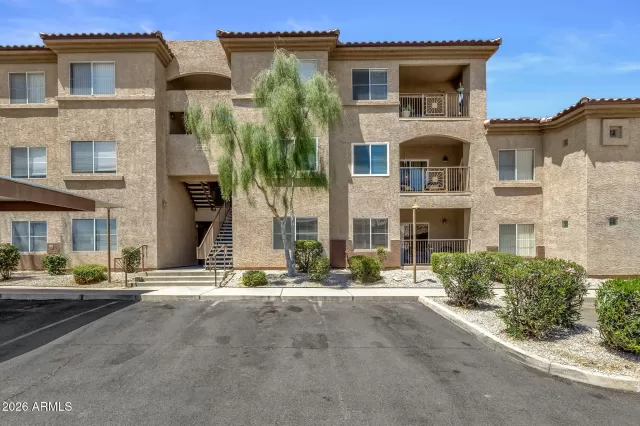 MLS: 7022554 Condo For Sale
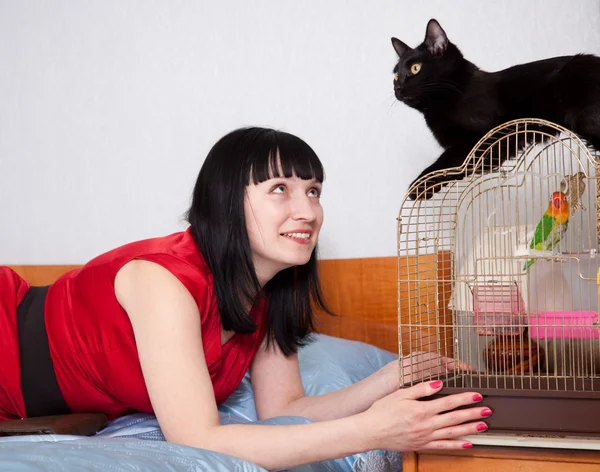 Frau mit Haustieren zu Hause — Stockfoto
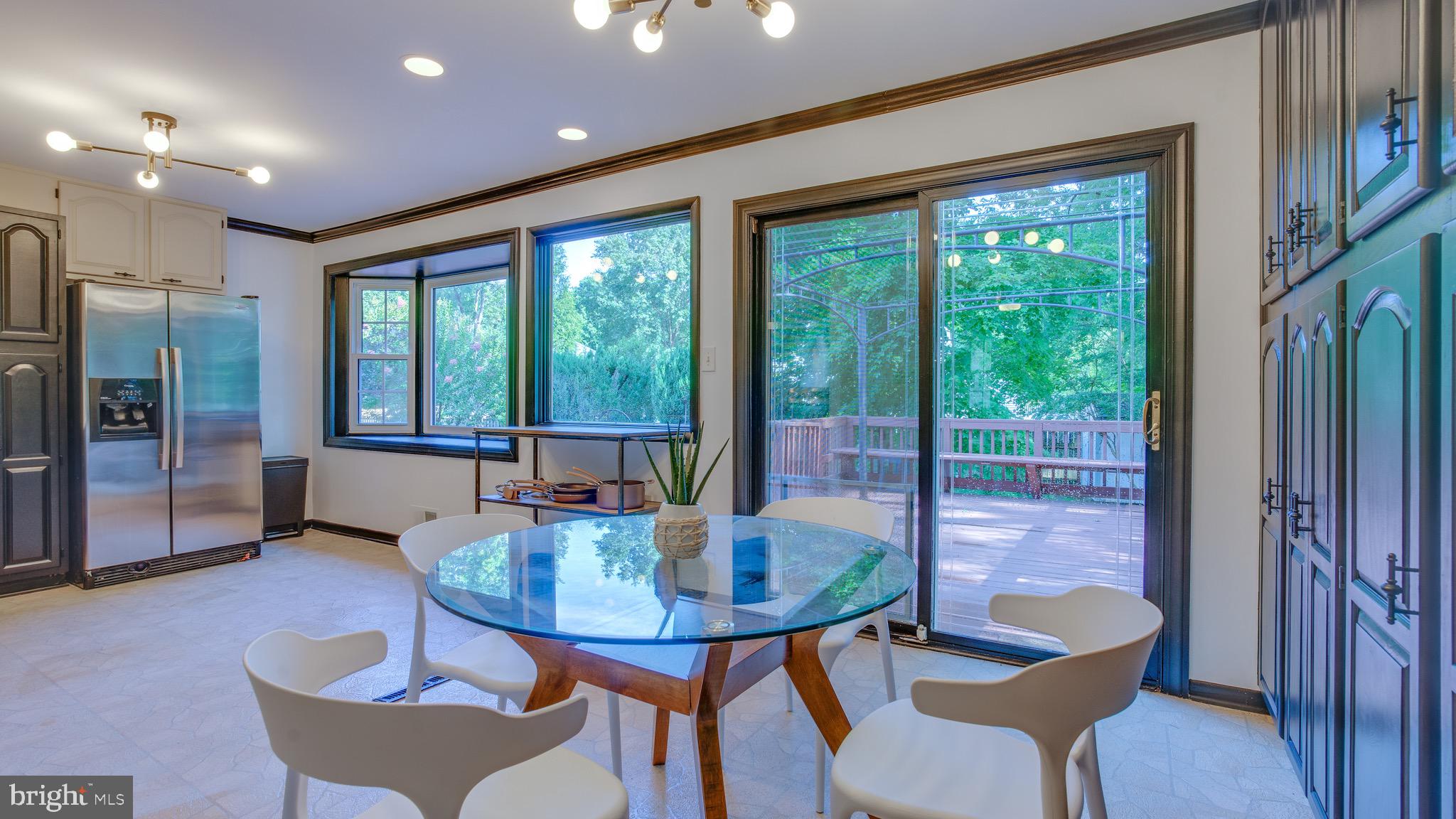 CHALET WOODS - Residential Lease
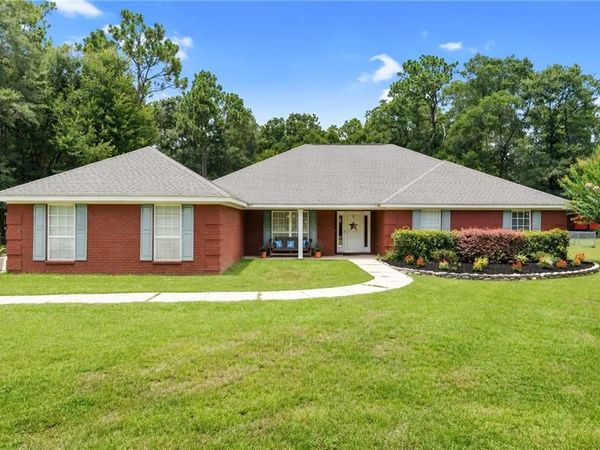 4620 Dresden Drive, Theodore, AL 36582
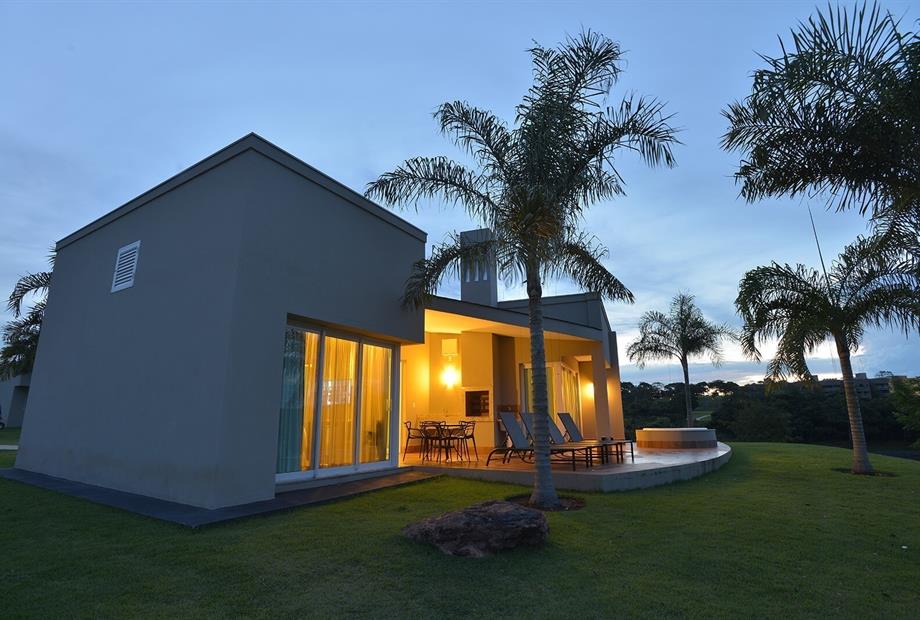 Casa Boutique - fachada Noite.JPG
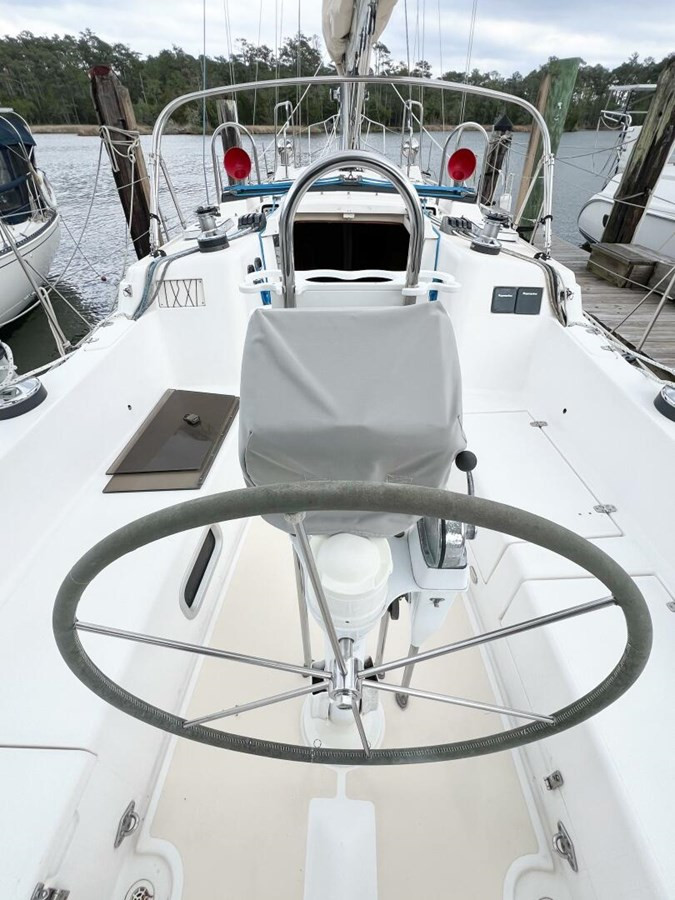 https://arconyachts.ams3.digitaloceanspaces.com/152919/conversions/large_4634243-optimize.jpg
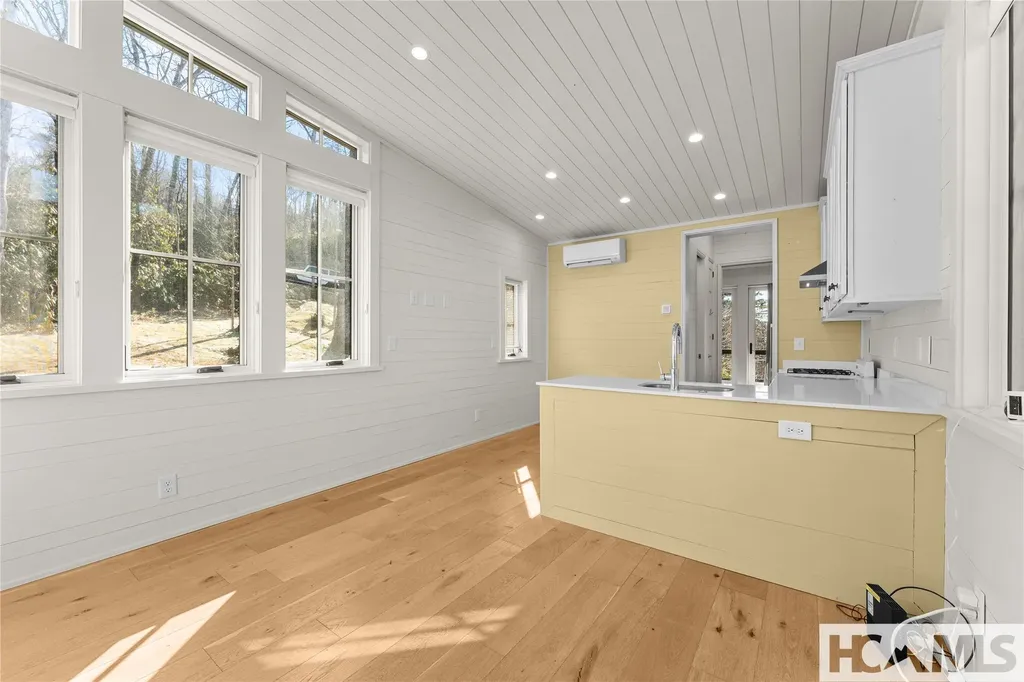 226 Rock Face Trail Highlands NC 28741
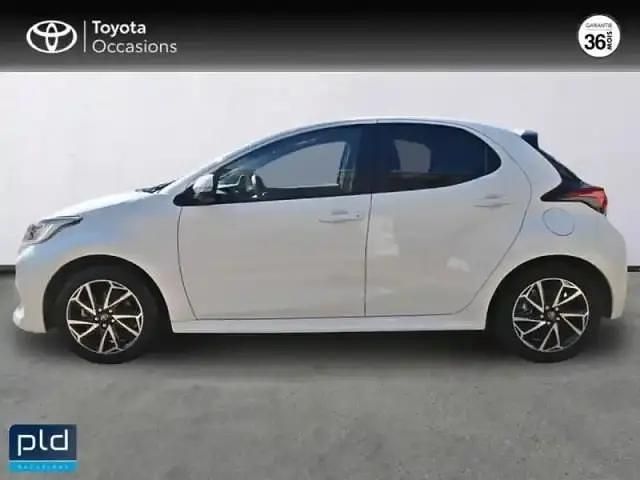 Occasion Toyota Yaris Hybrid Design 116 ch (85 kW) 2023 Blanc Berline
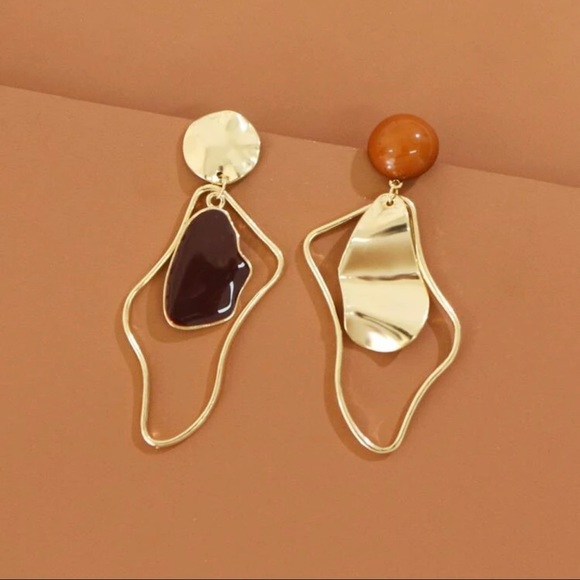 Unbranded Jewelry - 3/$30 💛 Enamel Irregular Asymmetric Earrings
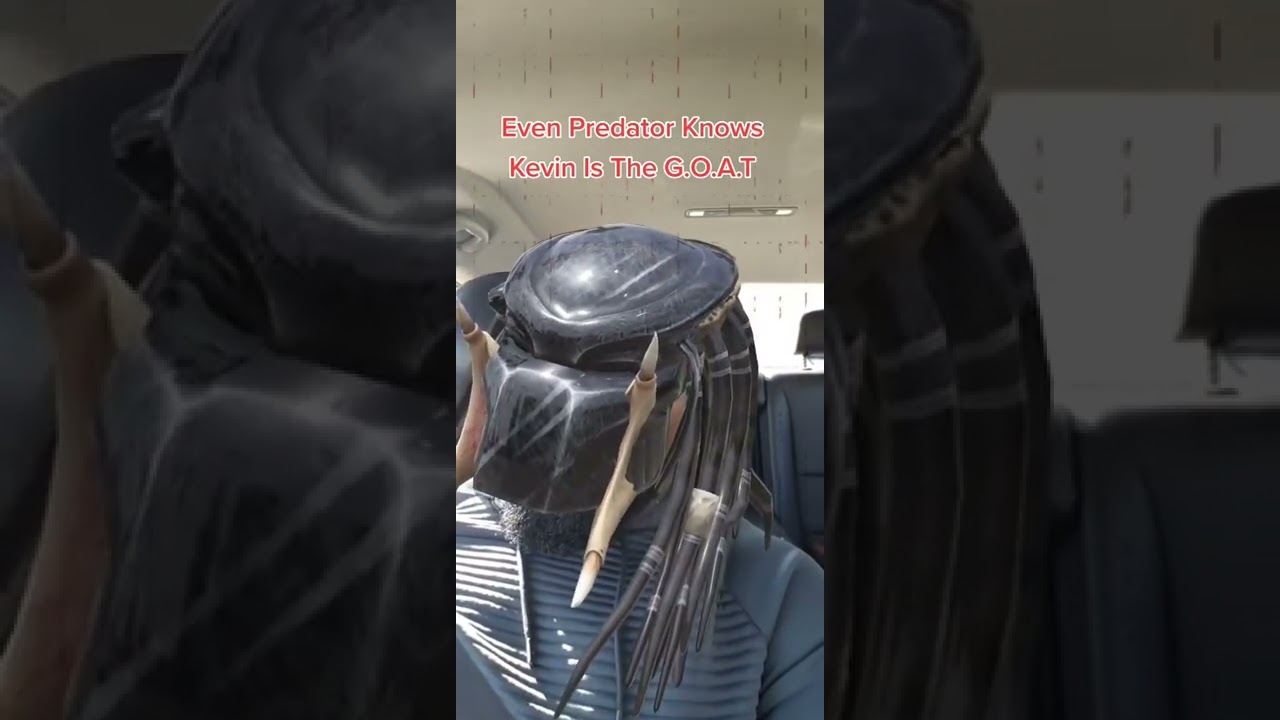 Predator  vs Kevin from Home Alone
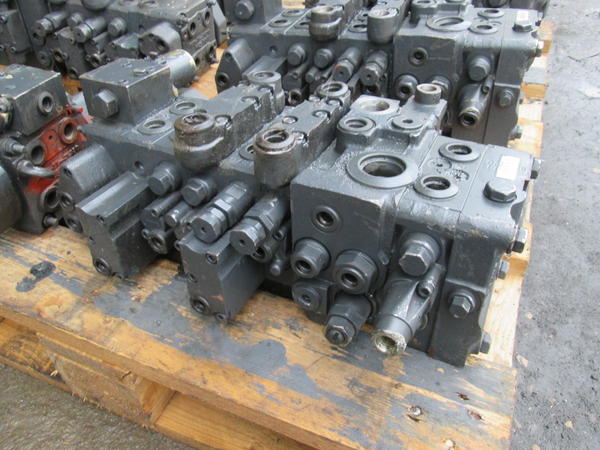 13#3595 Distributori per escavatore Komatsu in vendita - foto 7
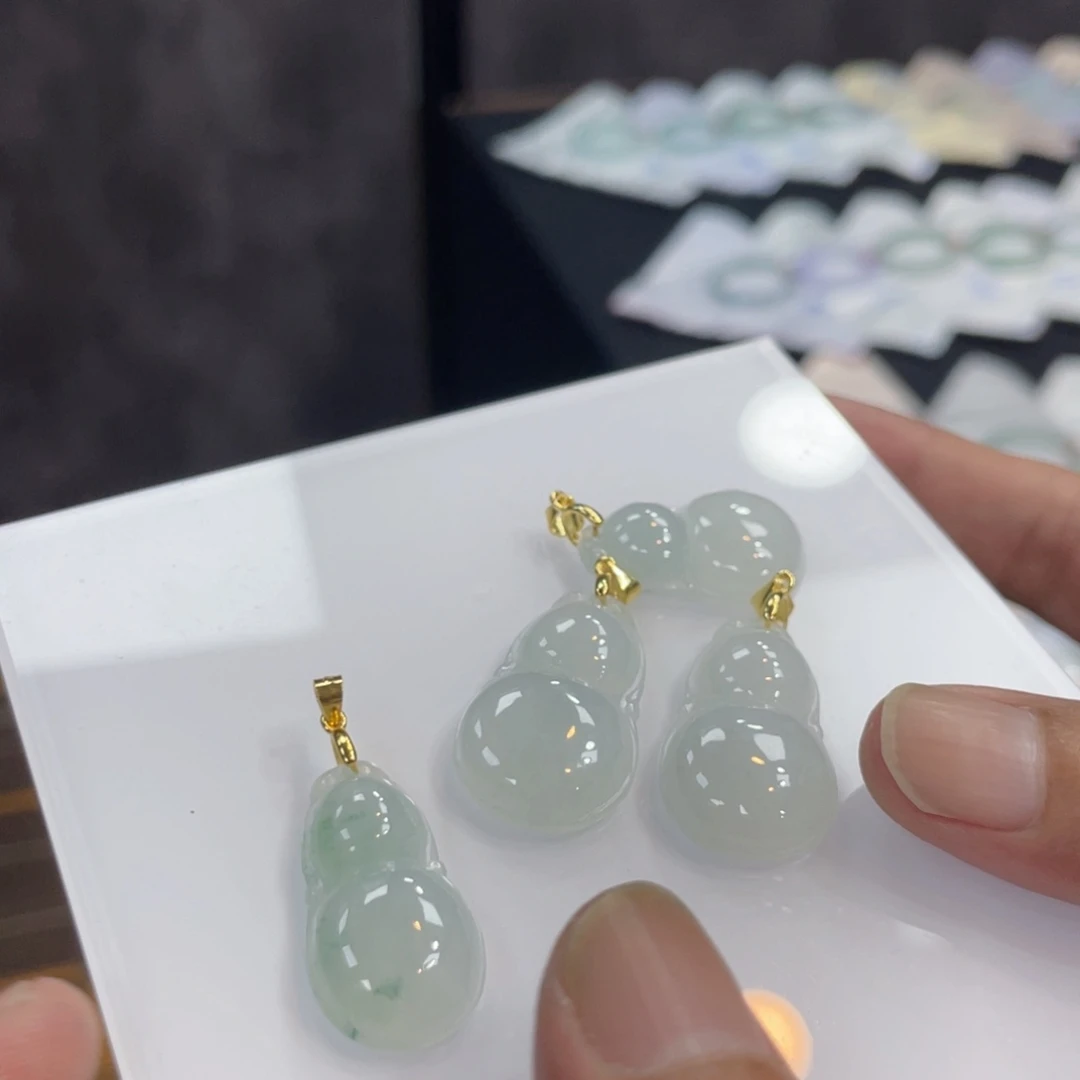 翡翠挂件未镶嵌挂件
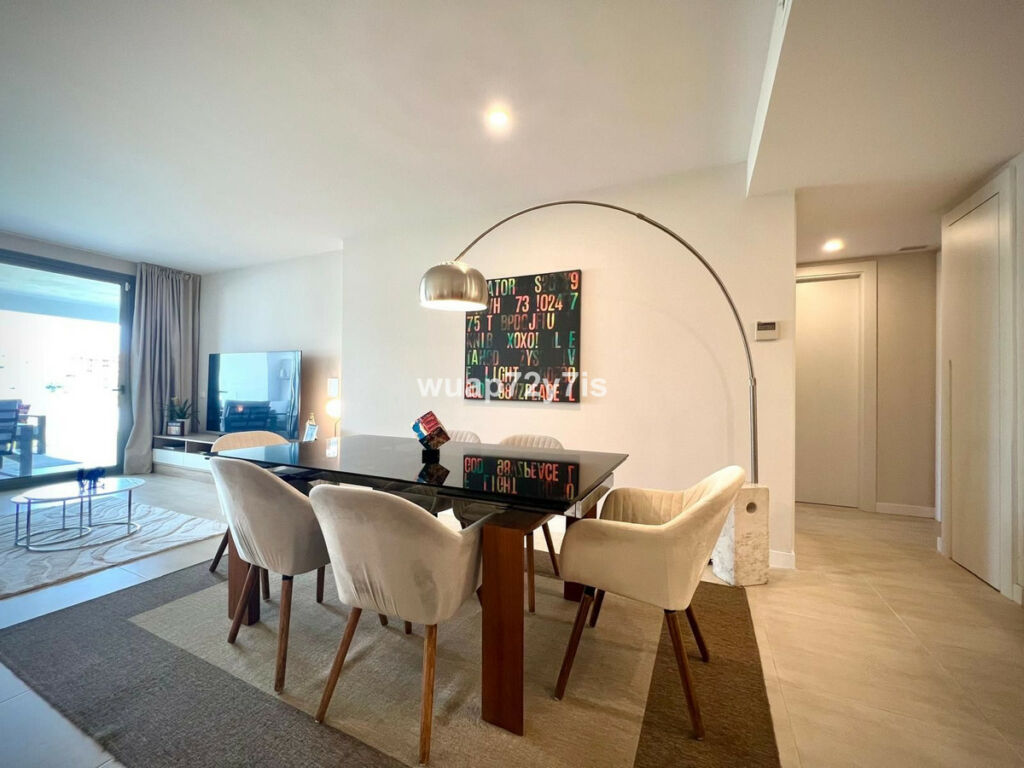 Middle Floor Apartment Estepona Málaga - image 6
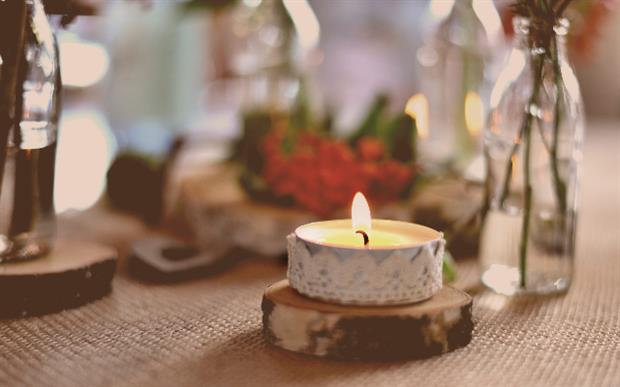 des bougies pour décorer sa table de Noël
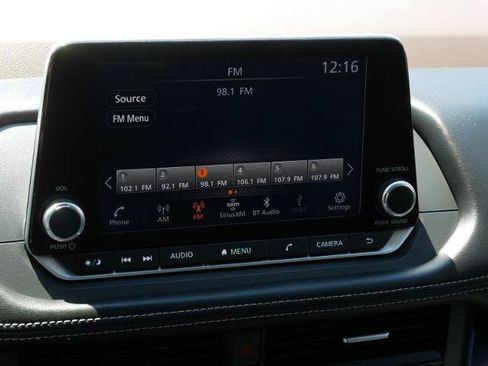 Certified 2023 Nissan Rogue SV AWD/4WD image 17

=-=-=-=-=

*WORK REQUEST*
Return the records word for word, leaving every picture out of the copy.

*SOLUTION FOR THIS EXERCISE*
 MLS: 7022554 Condo For Sale
 Frau mit Haustieren zu Hause — Stockfoto
 CHALET WOODS - Residential Lease
 4620 Dresden Drive, Theodore, AL 36582
 Casa Boutique - fachada Noite.JPG
 https://arconyachts.ams3.digitaloceanspaces.com/152919/conversions/large_4634243-optimize.jpg
 226 Rock Face Trail Highlands NC 28741
 Occasion Toyota Yaris Hybrid Design 116 ch (85 kW) 2023 Blanc Berline
 Unbranded Jewelry - 3/$30 💛 Enamel Irregular Asymmetric Earrings
 Predator  vs Kevin from Home Alone
 13#3595 Distributori per escavatore Komatsu in vendita - foto 7
 翡翠挂件未镶嵌挂件
 Middle Floor Apartment Estepona Málaga - image 6
 des bougies pour décorer sa table de Noël
 Certified 2023 Nissan Rogue SV AWD/4WD image 17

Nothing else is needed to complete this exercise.